# My GT growth



## Riceburner (Mar 14, 2008)




----------



## 20GallonPirate (Nov 1, 2010)

amazing pictures !!

what size did it start at and what is it now?


----------



## dl88dl (Mar 8, 2010)

+ 1 those are amazing shots.
BTW, the color is getting nicer on your GT.


----------



## Riceburner (Mar 14, 2008)

thanks all. Started under 3" and is about 5-6" now. She's doing great.


----------



## TBemba (Jan 11, 2010)

Riceburner said:


> thanks all. Started under 3" and is about 5-6" now. She's doing great.


Lucky to have such a nice female.

I had some really nice males a few years ago and it was impossible to find any females. I sold them at a club auction at 5-6" and they guys that bought them were looking for females as well.
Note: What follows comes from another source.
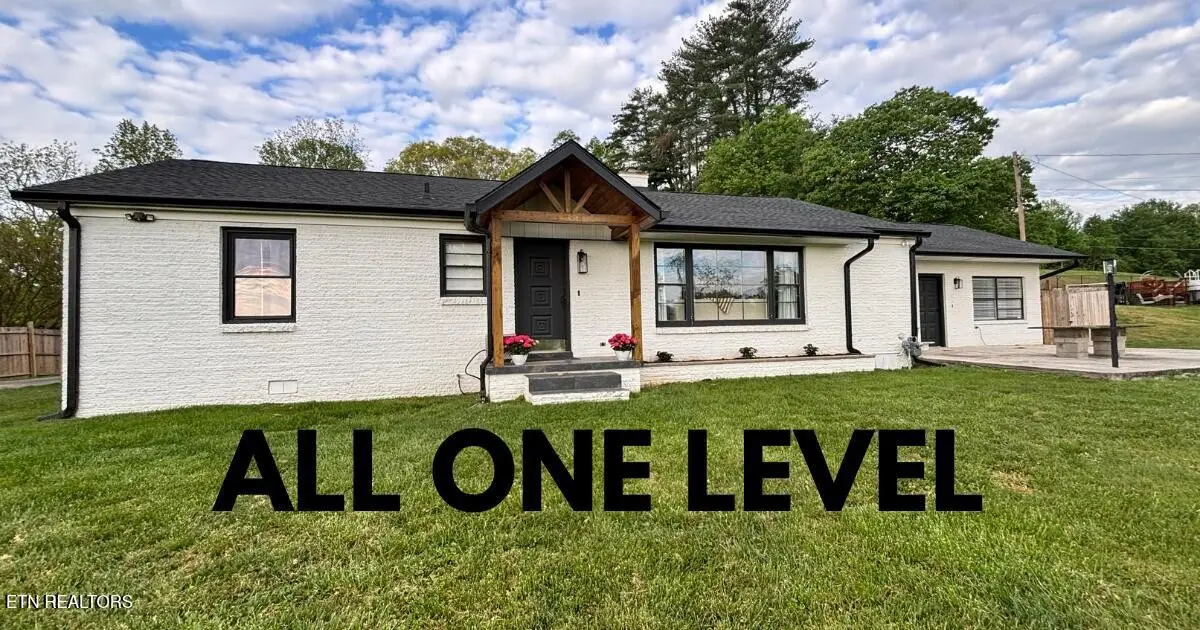 448 Woolsey Rd, Harriman, TN 37748 - #1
It's so true, how hard it is to find a nice female


----------



## Riceburner (Mar 14, 2008)

TBemba said:


> It's so true, how hard it is to find a nice female


Tell me about it. 

On the other hand/fin....she is available.


----------



## Bantario (Apr 10, 2011)

Some nice shots, macro?


----------



## Riceburner (Mar 14, 2008)

some with a 90mm macro and some with a 50mm f/1.4


----------



## tranceaddict (Apr 3, 2011)

look at that turquoise color. damn nice it is.


----------